→ Exercise:
In the records below, find the line containing "35 Pondera Point" and return it together with every later line, exactly as written; pictures are to be omitted.

→ Supplied data:
▬▬▬▬▬▬▬▬▬▬
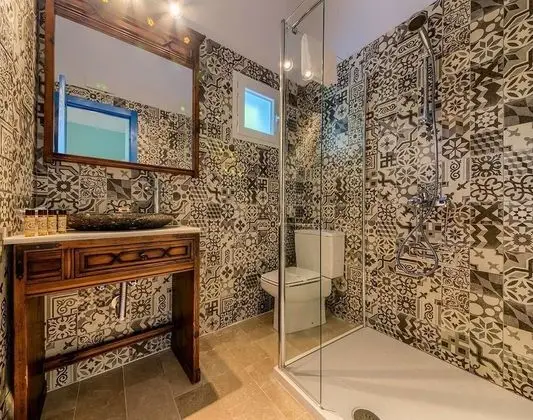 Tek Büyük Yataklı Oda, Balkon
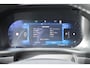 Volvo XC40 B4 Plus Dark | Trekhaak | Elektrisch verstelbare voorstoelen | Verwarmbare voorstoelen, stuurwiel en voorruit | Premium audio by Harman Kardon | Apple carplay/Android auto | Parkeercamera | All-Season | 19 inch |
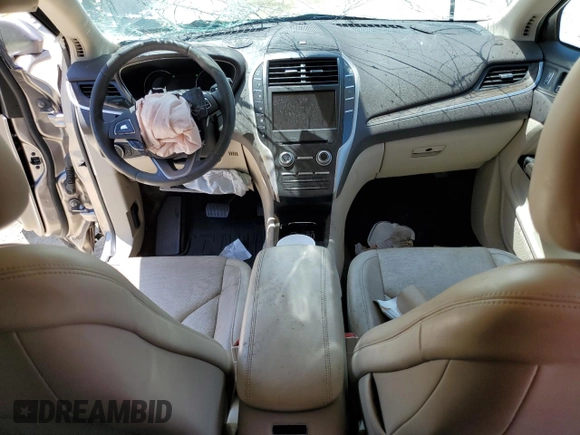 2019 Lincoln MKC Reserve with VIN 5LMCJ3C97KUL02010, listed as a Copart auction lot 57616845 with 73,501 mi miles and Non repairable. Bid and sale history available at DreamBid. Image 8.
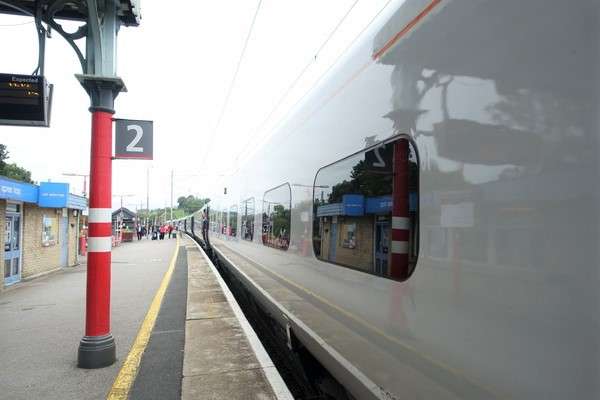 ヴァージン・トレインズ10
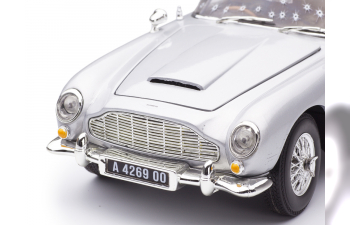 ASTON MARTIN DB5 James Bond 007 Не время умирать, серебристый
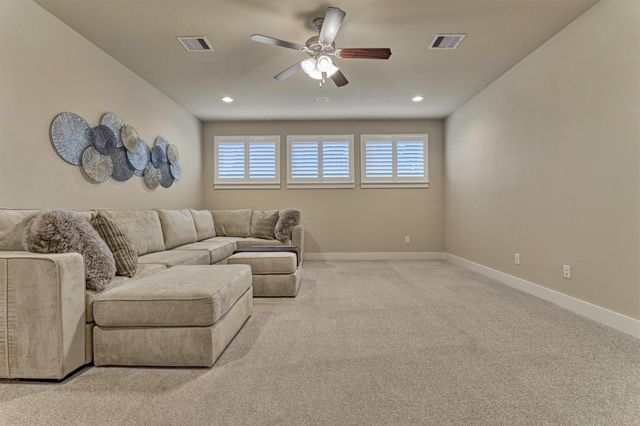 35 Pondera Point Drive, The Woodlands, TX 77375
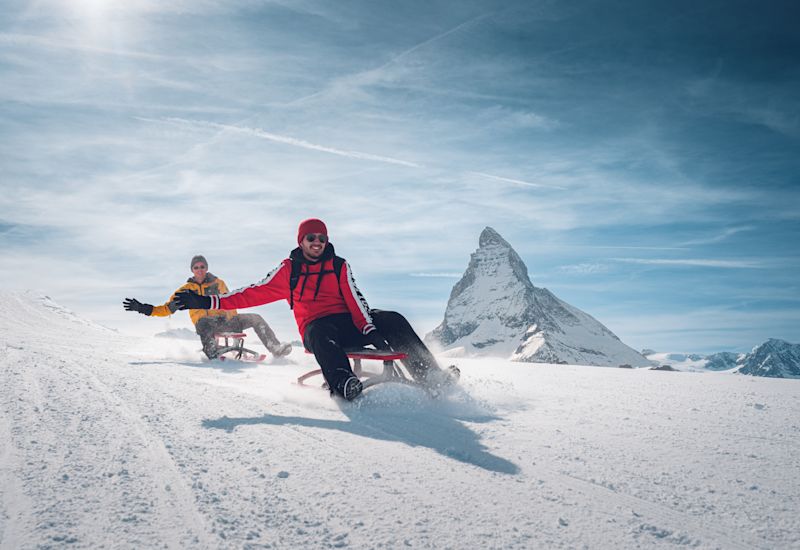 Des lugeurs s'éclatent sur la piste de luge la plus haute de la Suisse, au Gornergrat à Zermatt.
▬▬▬▬▬▬▬▬▬▬
→ Result for this exercise:
 35 Pondera Point Drive, The Woodlands, TX 77375
 Des lugeurs s'éclatent sur la piste de luge la plus haute de la Suisse, au Gornergrat à Zermatt.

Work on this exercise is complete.